Solitary, graceful, and contemplative, cats have inspired poets from Charles Baudelaire to Margaret Atwood to serve as their chroniclers and celebrants. They have appeared, wrapped in their inscrutability, in verse both sensual and spiritual, weary and whimsical. With Familiars, Fred Chappell proves himself a worthy addition to the fellowship of poets who have sought to immortalize their beloved cats. Here are cats as personalities, cats as art objects and historical figures, cats as reflections of human temperament. Chappell salutes the literary cats of decades past—George Herriman's happy-go-lucky Krazy Kat, Don Marquis' grande dame mehitabel—and the imagined cats who claim as their companions the characters from Chappell's own past poems. The cats in Familiars are alert and affectionate, equal parts cherished friends and unknowable mysteries.
Author

Fred Davis Chappell retired after 40 years as an English professor at University of North Carolina at Greensboro.

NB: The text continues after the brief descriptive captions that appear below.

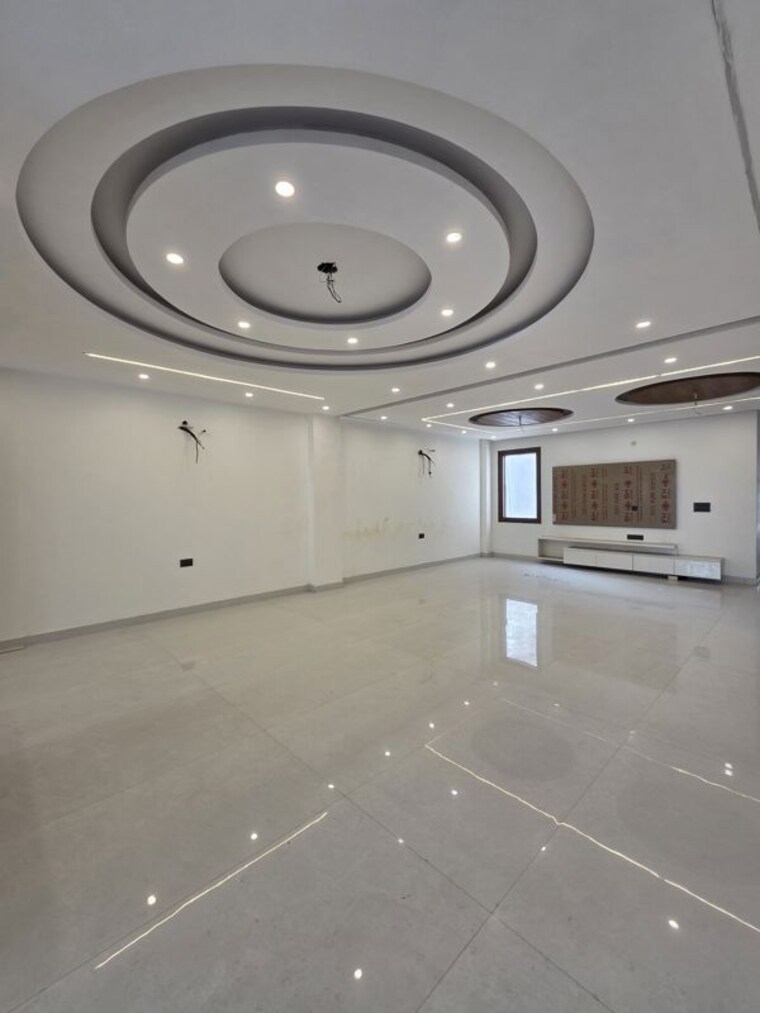 Bathroom, green fields colony 4 Bedroom 4500 Sq.Ft. Builder Floor In Green Fields Colony Faridabad 10432733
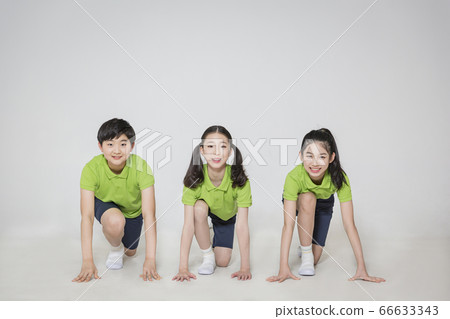 Group of school students portrait, happy smiling male and female students 353 Group of school students portrait, happy smiling male and female students 353 66633343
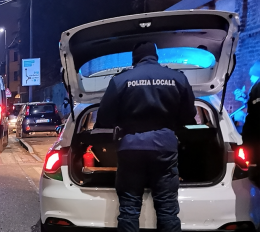 VENARIA. Non si ferma all'alt dei vigili, gli avevano ritirato la patente nel 2016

He was the Poet Laureate of North Carolina from 1997-2002. He attended Duke University. His 1968 novel Dagon, which was named the Best Foreign Book of the Year by the Academie Française, is a recasting of a Cthulhu Mythos horror story as a psychologically realistic Southern Gothic. His literary awards include the Prix de Meilleur des Livres Etrangers, the Bollingen Prize, and the T. S. Eliot Prize.